More studies are needed to confirm the findings, but experts said the research points to a new potential cause for the worldwide rise in cases of ADHD, a neuro-behavioral condition which has no known cause and affects as many as 5% of US children.

Also known as paracetamol

Women who took acetaminophen, also known as paracetamol, while pregnant had a 37% higher risk of having a child who would be later given a hospital diagnosis of hyperkinetic disorder, a particularly severe form of ADHD, according to the study published in the Journal of the American Medical Association (JAMA) Paediatrics.

Read: Why pregnant women smoke?

Compared to women who did not take acetaminophen while pregnant, women who did also had a 29% higher chance of having children who were later prescribed medications for attention deficit hyperactivity disorder, and a 13% higher chance of exhibiting ADHD-like behaviors by age seven.

Previous research has suggested that acetaminophen can interfere with normal hormone function and may affect the developing foetal brain. The painkiller has also been linked to a slightly increased risk in boys of cryptorchidism, a condition in which the testicles do not descend.

The latest research was based on survey data on more than 64,000 Danish women from 1996 to 2002.

More than half said they took acetaminophen at least once during pregnancy.
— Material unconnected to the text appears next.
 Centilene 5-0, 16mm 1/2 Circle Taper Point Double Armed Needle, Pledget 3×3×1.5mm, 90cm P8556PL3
Outside experts cautioned that the observational findings do not prove that taking Tylenol-like pain relievers causes ADHD, only that a preliminary link between the two has appeared and would need to be confirmed by further research.

Caution urged

"Findings from this study should be interpreted cautiously and should not change practice," said an accompanying editorial in JAMA Paediatrics by Miriam Cooper and colleagues at the Cardiff University School of Medicine.

Read:  Cancers on the rise in pregnant women

"However, they underline the importance of not taking a drug's safety during pregnancy for granted."

The reasons the women took the painkillers could have also had a confounding effect on the outcome, they added.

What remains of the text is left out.